My ILs are middle class and live in a nice neighborhood in another state.  I don't know why, but my MIL is obsessed with "the elite" in her town, and will sit and gossip about these people to me.  They have absolutely no idea who she is.  And, I have no idea who they are.  It doesn't make sense.  It's pretty funny sometimes, but it is annoying.  And, she is always looking for validation, so I can't just nod and smile when she tells her stories.  She will say, "Dr. X's daughter just had a baby and she isn't married yet!  Do you think he is embarrassed by that?"  And, then she waits for my answer.  But you can tell that she expects that I will agree with her!  What I really want to say is, "I have no idea who Dr. X is, and don't care what his daughter is doing or how he feels about it.  Why do you care????"  But, I don't want to start anything with her.  DH just told his parents that one of his childhood friends bought a new house.  His parents have known this friend since he was 4 years old.  Instead of being happy for the guy, my MIL launched into her usual routine, "What kind of neighborhood is it?  Is it a large house?  How much did they pay?  Who lived there before them?"  Good lord, woman!  Why do you care!!!????  She is so weird!

        Signed - MIL Wants Into The Country Club

RESPONSE:  MIL Wants Into The Country Club
When she tells you some gossip and asks your opinion, just say, "I don't know Dr. X or his daughter, so I don't know how he feels about it."  Leave off anything about not caring.  If she can't get a reaction from you, she'll stop.  She may, of course, start telling others that you are a lousy storyteller.  Gossips never admit that they are gossips, they think they are news reporters or epic storytellers.

RESPONSE:  MIL Wants Into The Country Club
Why don't you call her on her gossip?  I guarantee that your MIL is interpreting your silent nods as 100% agreement with her.  This will cause big problems for you later on!

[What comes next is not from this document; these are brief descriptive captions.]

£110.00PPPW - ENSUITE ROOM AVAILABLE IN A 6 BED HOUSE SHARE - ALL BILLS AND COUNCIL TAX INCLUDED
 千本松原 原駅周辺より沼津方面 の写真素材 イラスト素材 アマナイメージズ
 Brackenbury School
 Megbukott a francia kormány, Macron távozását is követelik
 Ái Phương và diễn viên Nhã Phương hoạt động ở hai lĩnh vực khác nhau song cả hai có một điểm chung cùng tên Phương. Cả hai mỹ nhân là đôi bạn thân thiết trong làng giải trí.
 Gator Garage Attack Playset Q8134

This story is about my best friend's MIL.  Although I have my own horrible MIL, what this woman did to my friend totally takes the cake.  The banquet hall where my friend got married expected payment in full 3 days prior to the wedding.  My friend's MIL had told her and her fiancé that she would lend them the money to pay for the reception, and they could pay her back after.  Seven days before the wedding, she took my two friends out for breakfast and asked them what they planned to do about paying for the hall.  She said that she "forgot" to speak to her husband about lending them the money, and now it was too late for them to withdraw that amount.  Who FORGETS something like that????  To make a really long story short, my friend called me completely distraught.  Her fiancé had a really bad anxiety attack as a result of his mom's "announcement".  And, to top it off, his mother refused to drive him home so that he could lie down!  My husband and I drove to meet them to save them from her evil clutches (he was the best man and I was maid of honor).  We told them (in front of her) that we would lend them as much as we could to help them out.  She started crying about how we were all making her feel like "The Bad Guy".  DUH - maybe because she WAS.  On the day of the wedding, we had to sneak out, right before they started serving dinner, to count the money box and pay the balance.  Needless to say, neither me, my husband, nor my friend said a word to her MIL during the entire wedding day.  And, they got the satisfaction of throwing a beautiful wedding without her help!!

        Signed - They Don't Need Your Dirty Money!!!!!